TASK TO CARRY OUT:
Repeat exactly, and only, the lines below starting at the line that contains "sinonasal inverted papilloma" and ending at the line that contains "SMILE brochure ZEISS Meditec 11", inclusive of both.

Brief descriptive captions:
----------

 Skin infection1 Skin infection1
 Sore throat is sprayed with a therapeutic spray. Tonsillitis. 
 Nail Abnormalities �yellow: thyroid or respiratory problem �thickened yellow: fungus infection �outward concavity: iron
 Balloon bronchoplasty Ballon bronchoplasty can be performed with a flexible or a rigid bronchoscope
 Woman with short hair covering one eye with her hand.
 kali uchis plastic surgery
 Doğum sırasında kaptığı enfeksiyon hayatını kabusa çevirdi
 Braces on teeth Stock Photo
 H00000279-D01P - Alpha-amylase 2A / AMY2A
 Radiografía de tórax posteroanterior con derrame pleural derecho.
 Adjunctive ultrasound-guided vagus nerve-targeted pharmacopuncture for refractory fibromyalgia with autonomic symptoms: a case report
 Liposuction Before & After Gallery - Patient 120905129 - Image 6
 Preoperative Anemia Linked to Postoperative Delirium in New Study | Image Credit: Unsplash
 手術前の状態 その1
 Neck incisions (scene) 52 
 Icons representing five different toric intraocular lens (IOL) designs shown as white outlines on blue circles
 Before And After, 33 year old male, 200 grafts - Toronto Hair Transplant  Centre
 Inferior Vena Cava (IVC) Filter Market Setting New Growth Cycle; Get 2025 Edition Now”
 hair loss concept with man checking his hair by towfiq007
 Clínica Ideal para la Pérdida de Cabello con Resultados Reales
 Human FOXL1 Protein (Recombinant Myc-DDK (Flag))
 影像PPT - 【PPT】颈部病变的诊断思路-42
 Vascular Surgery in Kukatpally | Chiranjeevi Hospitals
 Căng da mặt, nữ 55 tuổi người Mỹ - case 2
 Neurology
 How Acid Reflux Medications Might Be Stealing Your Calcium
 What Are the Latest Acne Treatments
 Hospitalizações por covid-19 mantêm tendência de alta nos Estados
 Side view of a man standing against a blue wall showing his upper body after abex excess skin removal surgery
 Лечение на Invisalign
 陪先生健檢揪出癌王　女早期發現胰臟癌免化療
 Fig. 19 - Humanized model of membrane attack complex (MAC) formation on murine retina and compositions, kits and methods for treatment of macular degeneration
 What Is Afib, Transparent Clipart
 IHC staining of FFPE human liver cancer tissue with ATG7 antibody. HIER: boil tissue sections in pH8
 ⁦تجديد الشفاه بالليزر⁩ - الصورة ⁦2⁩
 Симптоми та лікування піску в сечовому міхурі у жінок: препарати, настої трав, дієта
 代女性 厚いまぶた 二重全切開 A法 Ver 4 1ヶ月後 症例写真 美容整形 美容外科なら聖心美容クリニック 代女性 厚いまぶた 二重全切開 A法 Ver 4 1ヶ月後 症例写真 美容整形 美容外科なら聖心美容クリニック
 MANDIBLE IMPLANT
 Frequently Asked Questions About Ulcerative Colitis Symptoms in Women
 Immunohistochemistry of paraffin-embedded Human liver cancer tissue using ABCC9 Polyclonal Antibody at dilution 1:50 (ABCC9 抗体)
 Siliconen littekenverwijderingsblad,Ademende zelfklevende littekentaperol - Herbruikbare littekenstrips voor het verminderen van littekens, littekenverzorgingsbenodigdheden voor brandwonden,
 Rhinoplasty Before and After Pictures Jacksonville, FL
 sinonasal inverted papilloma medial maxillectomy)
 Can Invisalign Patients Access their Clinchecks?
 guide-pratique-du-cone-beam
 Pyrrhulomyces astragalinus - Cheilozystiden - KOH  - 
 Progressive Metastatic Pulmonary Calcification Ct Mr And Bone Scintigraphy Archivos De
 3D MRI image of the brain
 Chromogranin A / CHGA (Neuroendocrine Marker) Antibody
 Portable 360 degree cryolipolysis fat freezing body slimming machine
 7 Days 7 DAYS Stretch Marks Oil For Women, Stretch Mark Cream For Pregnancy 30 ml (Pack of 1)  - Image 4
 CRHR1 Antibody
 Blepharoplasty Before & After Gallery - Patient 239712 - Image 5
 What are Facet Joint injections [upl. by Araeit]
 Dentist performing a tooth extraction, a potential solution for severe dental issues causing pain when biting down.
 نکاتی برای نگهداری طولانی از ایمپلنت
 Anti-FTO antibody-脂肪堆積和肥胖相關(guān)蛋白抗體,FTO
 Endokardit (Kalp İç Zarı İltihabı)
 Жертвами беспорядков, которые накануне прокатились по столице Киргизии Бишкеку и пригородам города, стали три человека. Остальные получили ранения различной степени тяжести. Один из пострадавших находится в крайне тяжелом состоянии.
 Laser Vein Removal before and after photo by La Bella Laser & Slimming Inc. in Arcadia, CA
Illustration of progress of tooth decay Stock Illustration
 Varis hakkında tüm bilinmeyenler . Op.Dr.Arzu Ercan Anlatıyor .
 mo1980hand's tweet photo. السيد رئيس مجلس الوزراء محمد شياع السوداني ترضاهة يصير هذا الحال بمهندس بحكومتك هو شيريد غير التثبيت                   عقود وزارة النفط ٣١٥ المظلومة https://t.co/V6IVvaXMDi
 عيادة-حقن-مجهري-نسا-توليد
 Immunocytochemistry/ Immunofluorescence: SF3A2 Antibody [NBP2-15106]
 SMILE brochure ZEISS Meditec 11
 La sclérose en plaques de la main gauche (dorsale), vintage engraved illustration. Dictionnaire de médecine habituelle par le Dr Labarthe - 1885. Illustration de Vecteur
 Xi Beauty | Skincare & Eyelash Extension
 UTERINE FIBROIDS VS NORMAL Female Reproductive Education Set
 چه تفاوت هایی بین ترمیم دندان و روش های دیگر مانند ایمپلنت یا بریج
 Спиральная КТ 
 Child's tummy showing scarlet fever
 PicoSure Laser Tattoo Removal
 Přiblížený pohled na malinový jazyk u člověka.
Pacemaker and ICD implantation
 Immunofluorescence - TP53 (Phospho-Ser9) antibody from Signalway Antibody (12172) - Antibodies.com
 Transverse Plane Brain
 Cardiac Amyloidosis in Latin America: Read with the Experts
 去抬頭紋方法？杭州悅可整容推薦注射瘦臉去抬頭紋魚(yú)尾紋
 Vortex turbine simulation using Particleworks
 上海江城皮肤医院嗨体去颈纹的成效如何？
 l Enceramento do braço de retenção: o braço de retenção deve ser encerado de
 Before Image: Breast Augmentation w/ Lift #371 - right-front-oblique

----------

ANSWER TO THIS PROBLEM:
 sinonasal inverted papilloma medial maxillectomy)
 Can Invisalign Patients Access their Clinchecks?
 guide-pratique-du-cone-beam
 Pyrrhulomyces astragalinus - Cheilozystiden - KOH  - 
 Progressive Metastatic Pulmonary Calcification Ct Mr And Bone Scintigraphy Archivos De
 3D MRI image of the brain
 Chromogranin A / CHGA (Neuroendocrine Marker) Antibody
 Portable 360 degree cryolipolysis fat freezing body slimming machine
 7 Days 7 DAYS Stretch Marks Oil For Women, Stretch Mark Cream For Pregnancy 30 ml (Pack of 1)  - Image 4
 CRHR1 Antibody
 Blepharoplasty Before & After Gallery - Patient 239712 - Image 5
 What are Facet Joint injections [upl. by Araeit]
 Dentist performing a tooth extraction, a potential solution for severe dental issues causing pain when biting down.
 نکاتی برای نگهداری طولانی از ایمپلنت
 Anti-FTO antibody-脂肪堆積和肥胖相關(guān)蛋白抗體,FTO
 Endokardit (Kalp İç Zarı İltihabı)
 Жертвами беспорядков, которые накануне прокатились по столице Киргизии Бишкеку и пригородам города, стали три человека. Остальные получили ранения различной степени тяжести. Один из пострадавших находится в крайне тяжелом состоянии.
 Laser Vein Removal before and after photo by La Bella Laser & Slimming Inc. in Arcadia, CA
Illustration of progress of tooth decay Stock Illustration
 Varis hakkında tüm bilinmeyenler . Op.Dr.Arzu Ercan Anlatıyor .
 mo1980hand's tweet photo. السيد رئيس مجلس الوزراء محمد شياع السوداني ترضاهة يصير هذا الحال بمهندس بحكومتك هو شيريد غير التثبيت                   عقود وزارة النفط ٣١٥ المظلومة https://t.co/V6IVvaXMDi
 عيادة-حقن-مجهري-نسا-توليد
 Immunocytochemistry/ Immunofluorescence: SF3A2 Antibody [NBP2-15106]
 SMILE brochure ZEISS Meditec 11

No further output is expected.